In this case, following coronary artery dissection development, heart failure became uncontrollable and eventually became difficult to treat (
Figure 3). This coronary artery dissection was the second event wherein vascular dissection significantly worsened the clinical course of heart failure. Of course, the main cause of worsening heart failure was severe systolic dysfunction, but it is expected that additional other factors may have added to the worsening of heart failure. Ischemia of the RCA was reported to correspond to right ventricular dysfunction [
9]. Additionally, inferior myocardial infarction contributed to ischemic MR development. Although it is a rare disease, it was suggested that considering the possibility of coronary artery dissection in patients with DCM and aortic dissection is necessary. As coronary artery dissection may be a possible outcome in patients experiencing DCM and aortic dissection, treatments, including heart transplantation, should be considered at the earlier stage. Coronary artery disease is caused by various factors, and among these, the contribution of immune response has recently been attracting attention [
10]. Although immune reaction may have contributed to the coronary events in the current case, this is not fully established, and future research is desired.
Although systolic blood pressure during outpatient follow-up was continuously maintained below 80 mmHg, aortic and coronary artery dilation could not be prevented. Careful monitoring of the artery diameter at multiple sites may lead to the appropriate decision in the therapeutic strategy, including heart failure.
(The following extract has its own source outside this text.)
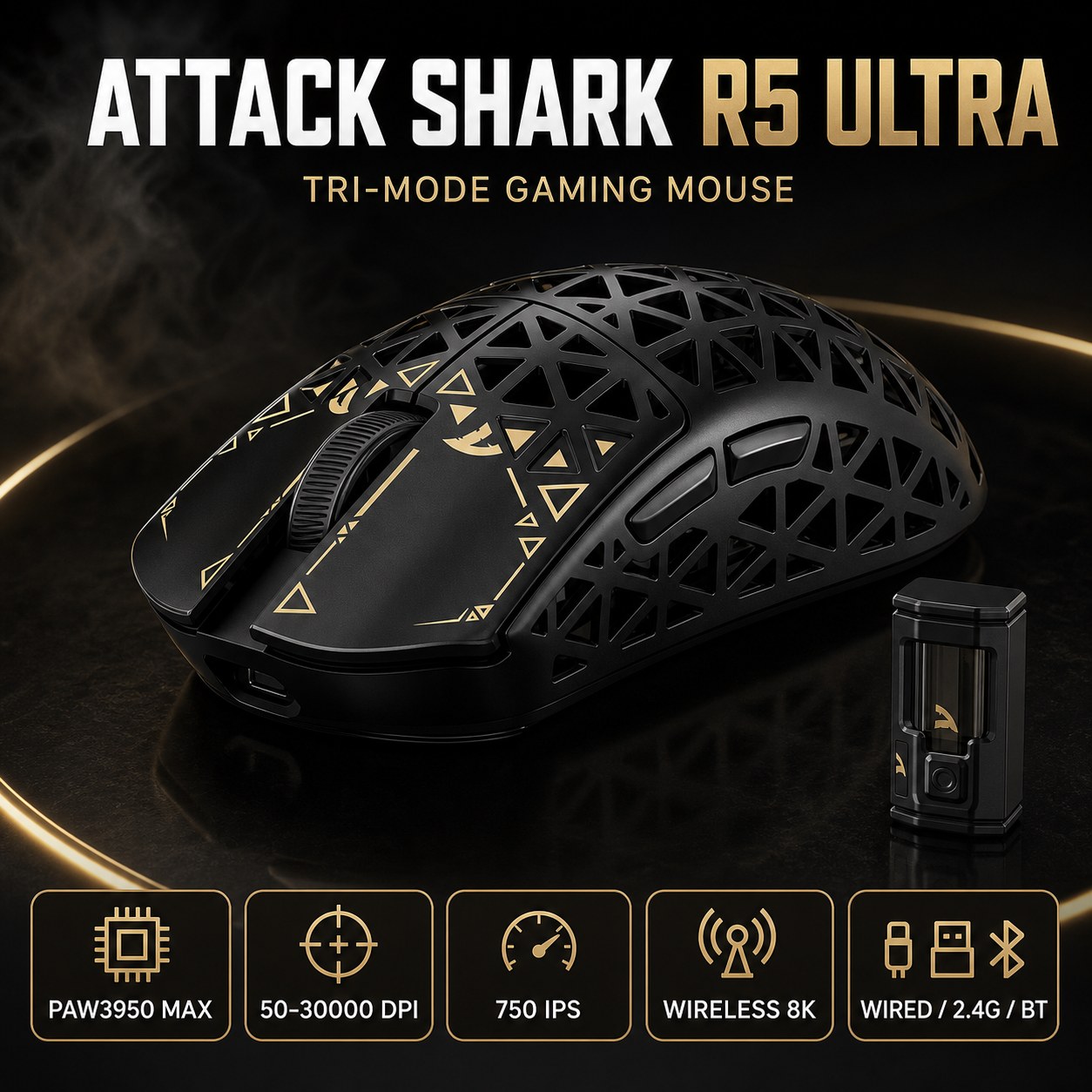 Logitech Mouse G Pro X Superlight - ATTACK SHARK R5 Ultra เมาส์เกมมิ่งไร้สาย, Tri-Mode,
As a limitation, it is believed that the various abnormalities exhibited by the patient are related to genetic factors; however, those factors could not be determined. Although the GH level was low, comprehensive evaluations of hormones were not performed. There were some studies investigating the link between low GH and aortic dilation. For instance, Feingold 2 syndrome has characteristics such as GH deficiency associated with adenohypophyseal compression, aortic dilation, phalangeal joint contractures, memory and sleep problems in addition to the typical features of microcephaly, brachymesophalangy, toe syndactyly, short stature, and cardiac anomalies [
11]. Additionally, the link has also been investigated in cases of Turner syndrome. Turner syndrome is defined as a complete or partial absence of one sex chromosome in a phenotypic female, which is characterized by short stature and ovarian failure, and the most medically significant feature is congenital heart disease with a high risk for aortic dilation and dissection. Bondy C et al. investigated the effect of GH on aortic dilation, which suggested the GH treatment of girls with Turner syndrome does not seem to affect the ascending or descending aortic diameter above the increase related to the larger body size [
12]. There is still room for investigation into the relationship between GH and aortic dilation. Furthermore, screening for genetic abnormalities in family members was inadequately performed. Regarding genetic abnormalities, epigenetic mechanisms are also being discussed in the field of a wide range of cardiovascular diseases [
13]. One recent study has reported that epigenetic regulation is also involved in aortic dissection [
14]. Epigenetic factors may also be involved in the present; however, this was insufficiently considered.